COLLECTED MATERIAL
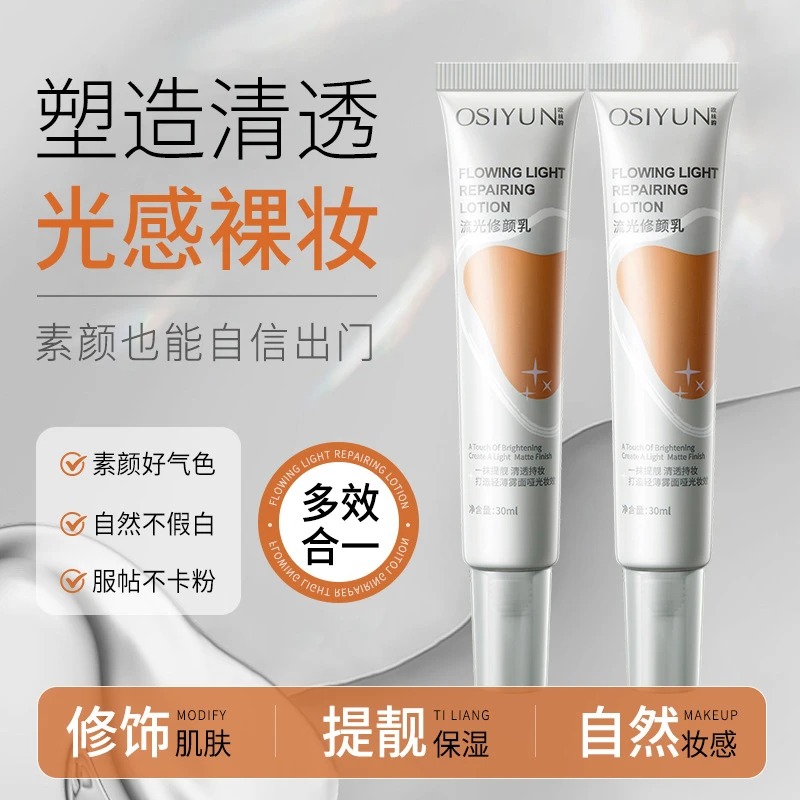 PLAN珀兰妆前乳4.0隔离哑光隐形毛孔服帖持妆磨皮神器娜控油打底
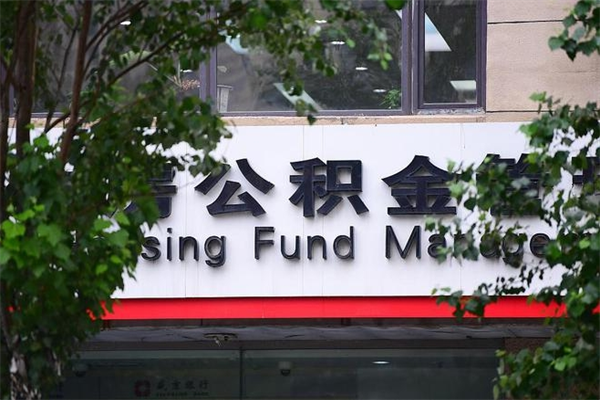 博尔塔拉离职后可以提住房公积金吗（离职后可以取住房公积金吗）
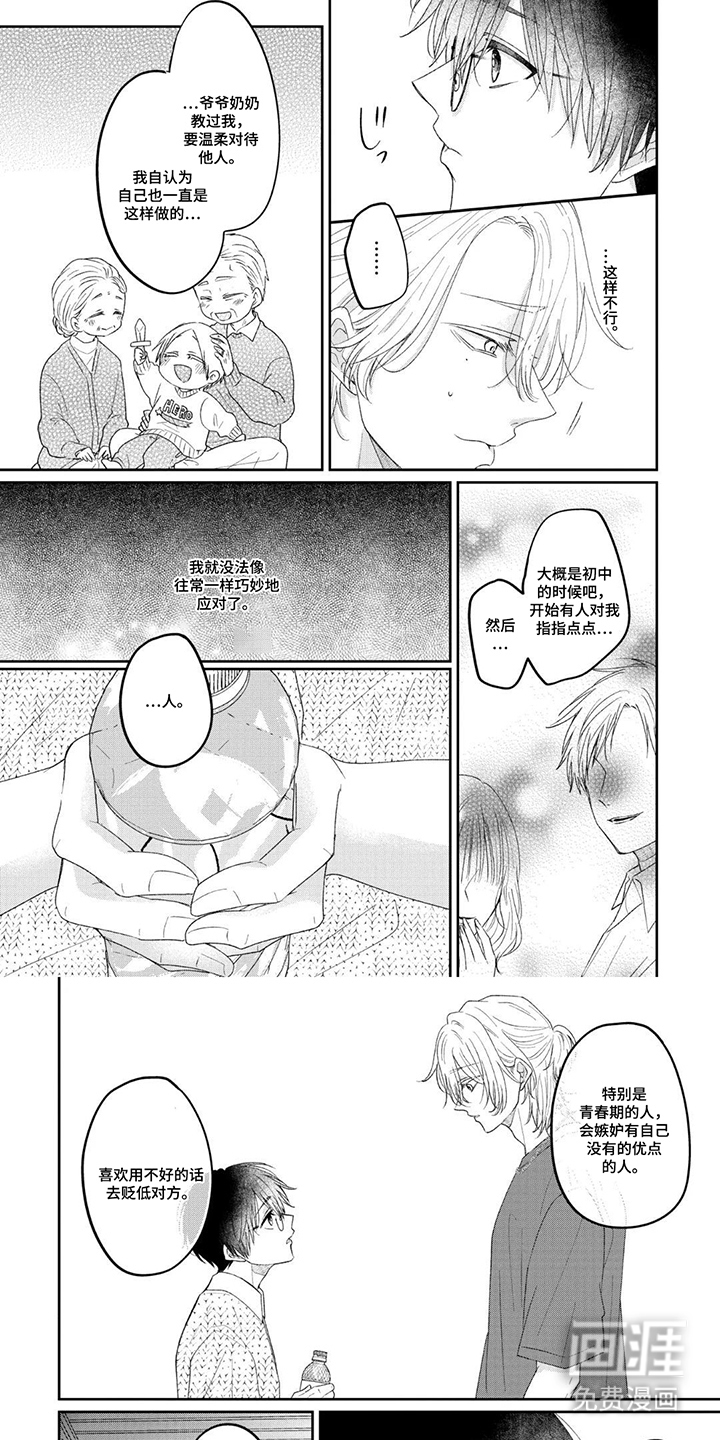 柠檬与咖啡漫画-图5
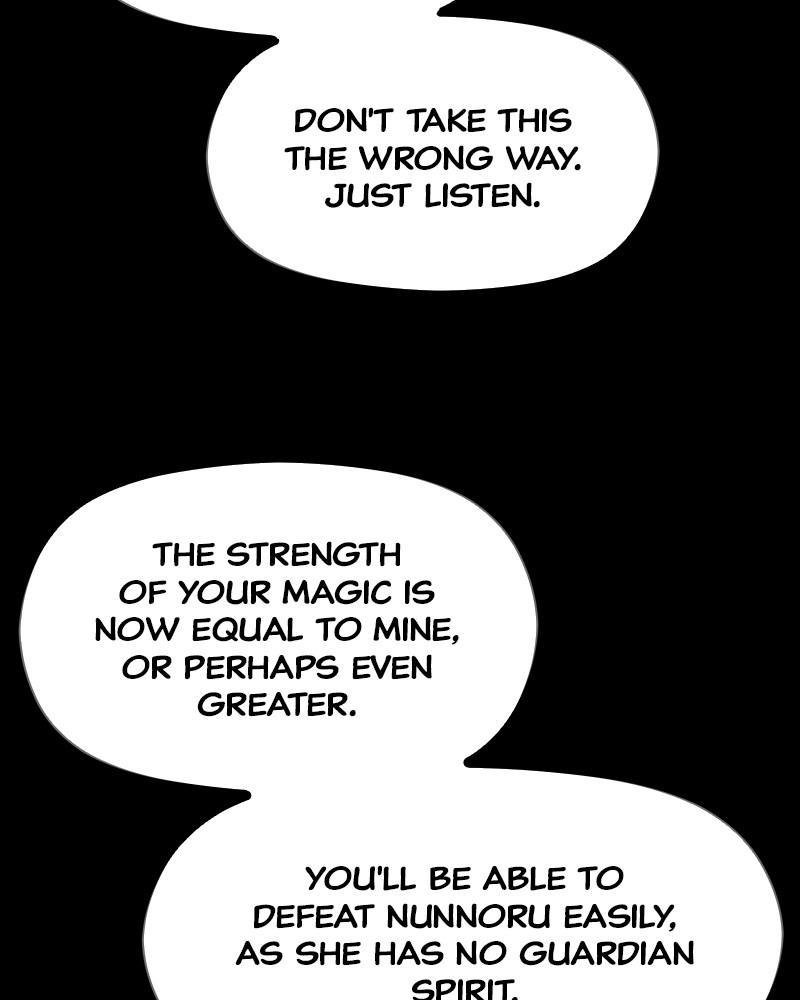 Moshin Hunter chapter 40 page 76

WHAT IS REQUIRED
The listing above must be restated word for word. Its pictures are to be left out.

THE ANSWER
 PLAN珀兰妆前乳4.0隔离哑光隐形毛孔服帖持妆磨皮神器娜控油打底
 博尔塔拉离职后可以提住房公积金吗（离职后可以取住房公积金吗）
 柠檬与咖啡漫画-图5
 Moshin Hunter chapter 40 page 76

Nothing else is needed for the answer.